Kitchen Bodrum’u ilk kez deneyimleyecek birisi mönüden mutlaka neleri sipariş
etmeli?
Mönüdeki herhangi bir tercihin kesinlikle çok keyifle tüketileceğine eminim. Kitchen Bodrum için buradaki yerel ürünlerle, çok özel tatlarla hazırladığımız bir tadım menüsü mevcut. Bu mönü benim için de oldukça özel. Bir şef ve ekibi olarak Bodrum ve bu bölgede etkilendiğim onlarca farklı şeyi bir araya getirdiğimiz, buraya ait bir anlatı sunduğumuz bir menü.
EN ÇOK ETKİLEYEN ŞEFLER
- Gastronomi dünyasında sizi en çok etkileyen
şefler kimlerdi?
Daniel Humm, Enrico Crippa, Christian Bau, George Blanc…
MUTFAKTA YENİ KEŞİFLER
- Yeme içme akımlaırnı takip etmek, yurt içinde ve
dışında yeni tatlar, mutfaklar keşfetmek… Bunlar hayatınızın ne kadarını
kaplıyor?
Tamamını. Her seyahatimi bu doğrultuda planlıyorum, her gördüğüm yerden tanıştığım insan ilham alıyorum. Beğendiğim şeflerin tüm yeni projeleri dünya gündeminde olanlar, sadece gastronomi değil turizme ilişkin de tüm ayrıntılar hep radarımda. Gastronomiyi çok katmanlı olarak ele almak lazım. Sadece yeme-içme olarak değil. Bu yüzden yeni bir mimari proje, farklı kültürel etkinlikler her daim gözüme ilişebiliyor. Bu gibi şeyler üzerinden de mutfakları, yemek kültürünü tekrar keşfetmiş oluyorsunuz.
ZEYTİNYAĞI TADIM MÖNÜSÜ
- Peki restoranlarınızda yemek yapmanın ötesinde,
misafirlerine nasıl bir deneyim sunuyorsunuz?

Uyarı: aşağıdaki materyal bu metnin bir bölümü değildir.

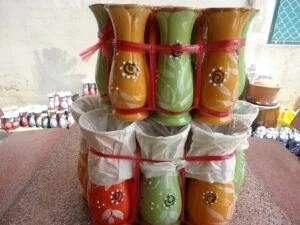 Cửa Hàng Sao Mai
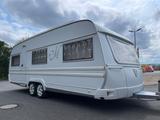 Tabbert Majestät 630/Klima/5 Schlafplätze/Alu/Alcantara/ - Offers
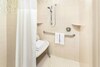 Hotel Residence Inn By Marriott West Orange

Ürünler bizim için öncelik, dolayısıyla hangi ürünün nereden geldiği, ne aşamalardan geçtiği bizim anlatmak istediğimiz bir konu. Bulunduğumuz coğrafyadan da bütün bu deneyim için bahsetmek istiyoruz. Ziyaret edilen her restoranımızda, oranın dokusunu ilk bakışta misafirlerimiz deneyimlesin istiyoruz. Örneğin OD Urla’da zeytin ağaçlarının kapladığı çok geniş bir bahçemiz var.

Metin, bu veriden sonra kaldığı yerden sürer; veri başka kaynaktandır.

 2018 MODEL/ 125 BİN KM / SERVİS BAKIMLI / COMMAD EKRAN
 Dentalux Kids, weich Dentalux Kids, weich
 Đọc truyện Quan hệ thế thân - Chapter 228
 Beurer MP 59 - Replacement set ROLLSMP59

Yemeğinizi içerideki alanın yanı sıra, burada da yiyebiliyorsunuz. Zeytin ağaçları ve zeytin hem bu coğrafya hem de bizim için oldukça önemli. Bu yıl ilk kez, yalnızca bize özgü bir “zeytinyağı tadım menüsü” yaptık. Gerçekten buraya ait olan, özenle seçilmiş farklı zeytin türlerinden üretilen zeytin yağlarını, kendi ürettiğimiz ekmeklerle servis ediyoruz ve özel bir tadım sunuyoruz. Ege’yi zeytinyağı olmadan düşünemeyiz, dolayısıyla hikâyenin bu parçasını da olabildiğince detaylı anlatmak istiyoruz.

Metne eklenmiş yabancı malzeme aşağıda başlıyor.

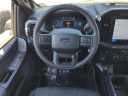 Thumbnail image of 2024 Ford F-150 at Courtesy Ford Conyers - NEW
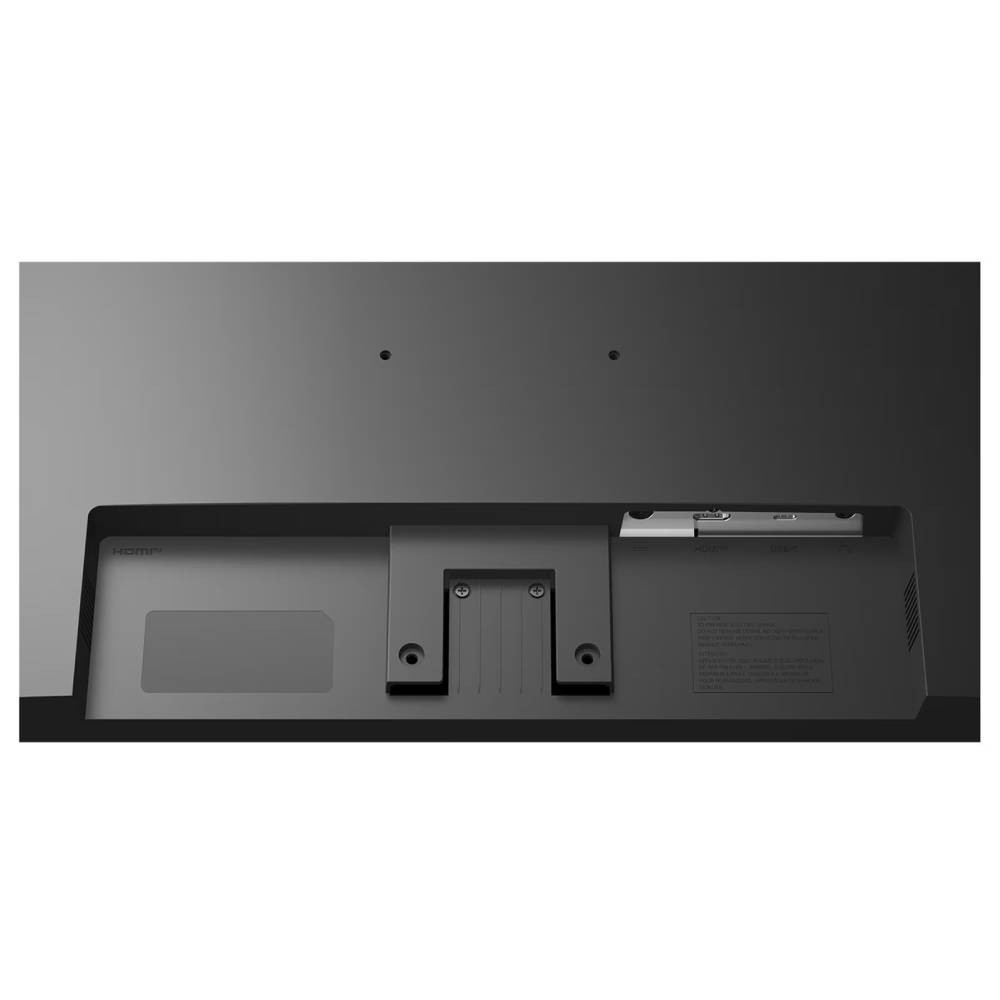 จอมอนิเตอร์ LG 32U631A-B (IPS 2K 100Hz USB-C 15W)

- Sizin için iyi bir şef olmak ne anlama geliyor?
Kendini tekrar etmemek ve bir şef olarak istikrarlı olmak... Yeniliğin peşinde olup, gelenekseli de tüm ayrıntılarıyla bilmek!
MUTFAK BENİM İÇİN...
- Mutfak benim için … demek.’ desek Osman Sezener
bu boşluğu nasıl doldurur?
Hayat.
GERÇEK MUTFAK FARKLI
- Son dönemlerde gençlerin şefliğe ilgisi arttı.
Bunu neye bağlıyorsunuz?
Son yıllarda artan programların, dizilerin, filmlerin de ilgisi olduğunu düşünüyorum. Bir de dünyada şef profilleri daha çok konuşulmaya, bilinmeye başladı. Biraz parlak gözüküyor dışarıdan bu iş ancak ne kadar zor olduğunu gençler gerçek mutfaklarda çalışmaya başladıklarında anlıyorlar ve bu işi de hayatı haline getirmek isteyenler ancak devam ediyor.
HANGİ MUTFAK?
- Son olarak güzel bir yemek yemek istediğinizde
yolunuz nereye düşer?
Fransa, İtalya ve İspanya’da sayamayacağım kadar farklı ve kendine özgü yer mevcut. Benim de favorilerim buralarda…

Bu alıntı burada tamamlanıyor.